# is there a way to silence an air pump?



## bryangeles

hey guys is there a way to silence a noisy air pump? like put it on a rag or something? i put it in my tank cabinet and i can still hear it.


----------



## Christine

I always put mine on a wash cloth or something similar to help keep the noise down. You just have to make sure that its not going to go sliding across the surface with it


----------



## Osiris

I have found walmart air pumps to be pretty dang quite for their price.


----------



## fish_doc

Is it a new or old pump? Sometimes if real new they need a little breaking in, and on the otherhand if real old they need a new diaphram. 

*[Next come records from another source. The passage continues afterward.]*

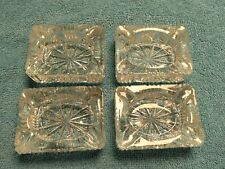MCM Indiana Glass Crystal Glass 3x2x1 Cigarette Ashtrays Set of 4 Vintage 1960s picture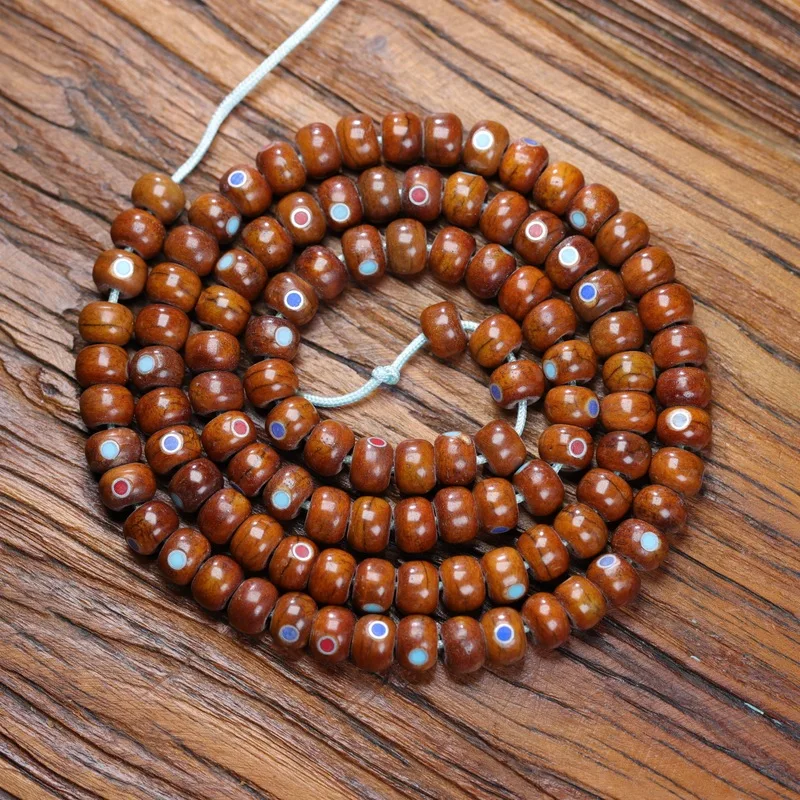Natural barrel beads inlaid with multi-gemstone 108-bead Buddhist bracelet Tibetan style jade-like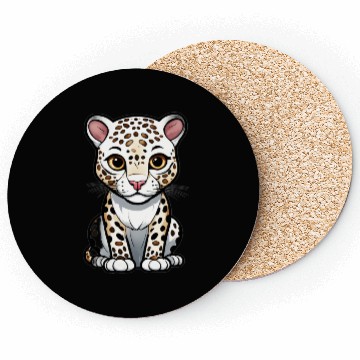 Discover Cute Cartoon Leopard Cub Coasters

Overall, Place it on a cloth of some kind and if you have a cabinet try and get it inside that. Be sure to use a check valve since it will be lower than the tank so if you get a power outage the water does not back wash through the airline all over the floor.


----------



## rcomeau

I put mine in the basement and ran the hoses up through the floor. Add a check valve to be sure that the water doesn't flow back down to the pump when it isn't running.


----------



## darkfalz

I put mine on a folded up piece of old towel, on the carpet is also okay, just not a hard surface.


----------



## goodie

I use a sponge that you would use to wash dishes with. Start with the sponge damp and when it dries out the impressions from the "legs" of the pump will hold the pump in place.


----------